Microsoft yesterday confirmed that a single superfluous character in its own development code is responsible for the bug that has let hackers exploit Internet Explorer (IE) since early July.
A pair of German researchers who analyzed a vulnerability in a Microsoft-made ActiveX control came to the same conclusion three weeks ago.
"The bug is simply a typo," Michael Howard, a principal security program manager in Microsoft's security engineering and communications group, said in a post Tuesday to the Security Development Lifecycle (SDL) blog. Howard, who is probably best known for co-authoring Writing Secure Code, went on to say that the typo -- an errant "&" character -- is the "core issue" in the MSVidCtl ActiveX control.
That video-streaming control was created by Microsoft using a modified version of an older edition of a code "library," dubbed Active Template Library (ATL), that Microsoft admitted Tuesday contained multiple vulnerabilities. Also on Tuesday, Microsoft patched Visual Studio, the company's development platform that contains ATL. Those patches, however, do not automatically fix software that was developed using the buggy ATL. Instead, vendors -- Microsoft as well as third-party firms -- must use the patched Visual Studio to recompile their code, then distribute the new, secure software to users.
Howard said that the bug in the MSVidCtl ActiveX control was introduced by an internal version of ATL, not one that was available to outside developers.
Others at Microsoft drew a direct line between the ATL bug Howard described to the public exploits hackers have been using for much of this month, including drive-by attacks conducted from thousands of compromised Web sites.
"This public exploit took advantage of the fact that MSVidCtl uses a modified version of vulnerable ATL headers," said Fermin Serna, an engineer in the Microsoft Security Research Center (MSRC), in a blog post earlier Tuesday. "In this specific instance, the vulnerability allows an attacker to corrupt memory which may lead to a remote code execution," added Serna.
The extra "&" had been fingered by a pair of German researchers -- Thomas Dullien, the CEO and head of research at Zynamics GmbH, and Dennis Elser -- on July 9, when the former posted their findings in a blog post. The mistake, said Dullien, was in an ATL function called "ATL::CComVariant::ReadFromStream."
That function led the two researchers to several other Microsoft-made components, including several critical to important Windows applications, such as IE, Windows Media Player and Terminal Services. "The bug is actually much 'deeper' than most people realize," said Dullien at the time, "[and] the kill-bit fix is clearly insufficient, as there are bound to be many other ways of triggering the issue."
The "kill-bit" fix Dullien alluded to was one that Microsoft had issued in the form of a stop-gap tool on July 6 to disable the flawed ActiveX control.

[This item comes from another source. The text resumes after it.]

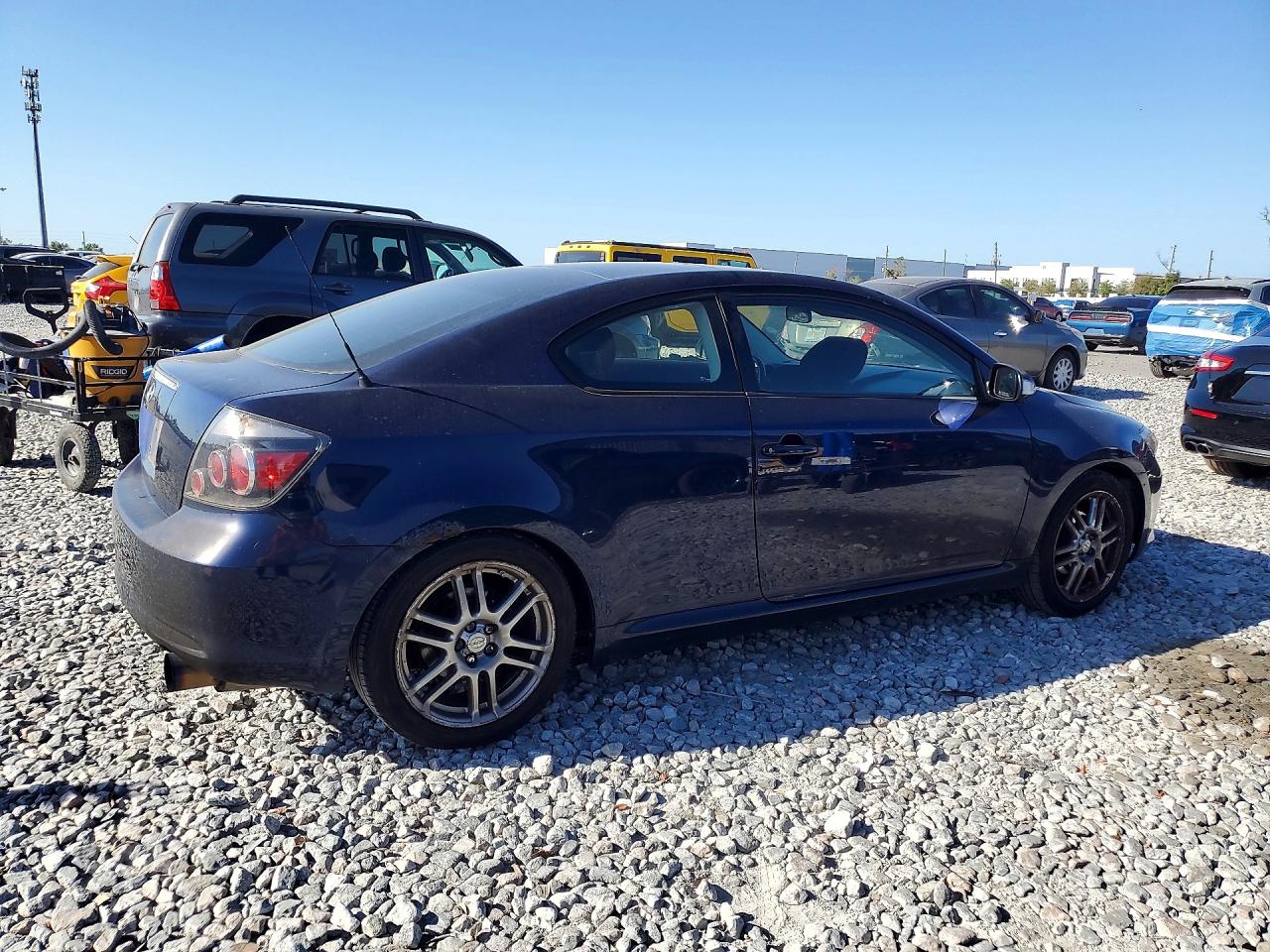 2008 Toyota Scion Tc Blue vin: JTKDE167980240813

On July 14, Microsoft pushed the same kill-bit settings to Windows users as an update on its regular monthly patch day.
On Tuesday, Microsoft acknowledged that the kill-bit solution was insufficient because of the bugs in ATL. In response, it has also updated IE, which now tries to block attackers from exploiting the ATL flaws in ActiveX controls.
Howard did not apologize for the programming error. "I contend that this would be very difficult to spot in a code review, and is not picked up by the C/C++ compiler," he said. He also said that Microsoft's development practice of "fuzzing" code -- subjecting software to a wide range of data input to see if, and where, it breaks -- didn't catch the extra "&" because the automated "fuzzers" Microsoft now uses aren't equipped to detect such situations.
"We are in the process of adding more heuristics to our fuzzing engine so it can include these COM-specific bytes if needed," Howard said.
The MSVidCtl ActiveX control has still not been patched, Mike Reavey, director of the MSRC, admitted in an interview Tuesday. "It hasn't been updated, we're still investigating," Reavey said.
When asked whether other Windows components, including those Dullien and Elser listed, also have the flawed ATL code, Reavey said Microsoft is still examining its own software and had nothing to share publicly. The double layer of protection -- the kill bit update from two weeks ago and yesterday's IE update -- would protect users against all currently-known attacks, he argued.
Microsoft issued Tuesday's emergency updates to Visual Studio and IE in part because three other researchers are slated later today to demonstrate a way for attackers to bypass the company's kill-bit defenses.